Friday, January 05, 2007

*can* vs. *do*

There is a big difference, in my opinion (which is rarely humble, by the way), between actually doing something, and knowing you *can* do it at any time.

Typically, knowing you *can* is more than enough for people in most circumstances.

Example: a new submissive/dominant couple begins to explore. She tells him that she'll give him whatever control over her life that he'd like. He says fine, and makes a list of things that he is able to control about her life: clothes, food, phone and computer time, etc. A month passes, and the couple is happily living life, and yet - he's never made any demands on her about her clothes, food, computer, etc.

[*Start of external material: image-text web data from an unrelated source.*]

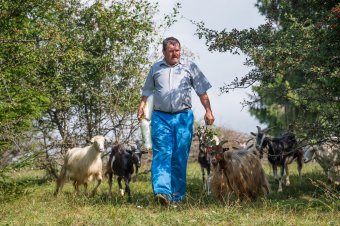 Istengyümölcsétől tejelnek a kecskék
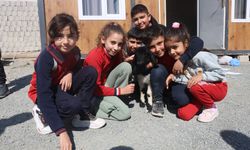 'Boncuk' kuzu, elbisesi ve biberonuyla ilgi odağı oldu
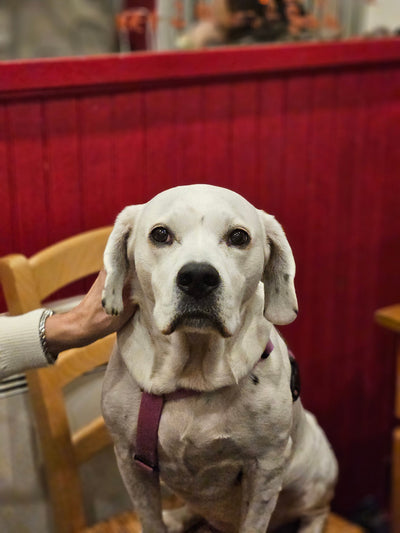 L'avis de Pauline B. sur les croquettes aux insectes pour chien de la marque Réglo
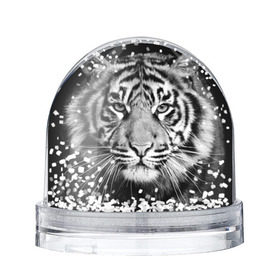 Снежный шар с принтом Красавец тигр в Кировске, Пластик | Изображение внутри шара печатается на глянцевой фотобумаге с двух сторон | джунгли | дикая кошка | животные | зверь | король | кровь | мясо | опасность | охотник | тигр | хищник | царь | цирк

Why aren't they complaining? Because while he *hasn't* made any demands, he *can*, at any moment and they both know it. She stays on her toes, because at any moment, he could take away her chocolate or her favorite black blazer.

Oh, I know that doesn't work for everyone. There are submissives (and I've met a lot of them) that need the *actual* control day and night. They aren't happy roaming around in the *can*, they need the *do*. Even if the dominant from the couple above would make a small demand (red blouse, black spike heels to dinner) once every month or so, it wouldn't be enough for some submissives. There's nothing wrong with that, of course, but there's a more-than-fine-line between the *do* and the *can*, and I'm not entirely sure that everyone "gets that" when they first start exploring this lifestyle.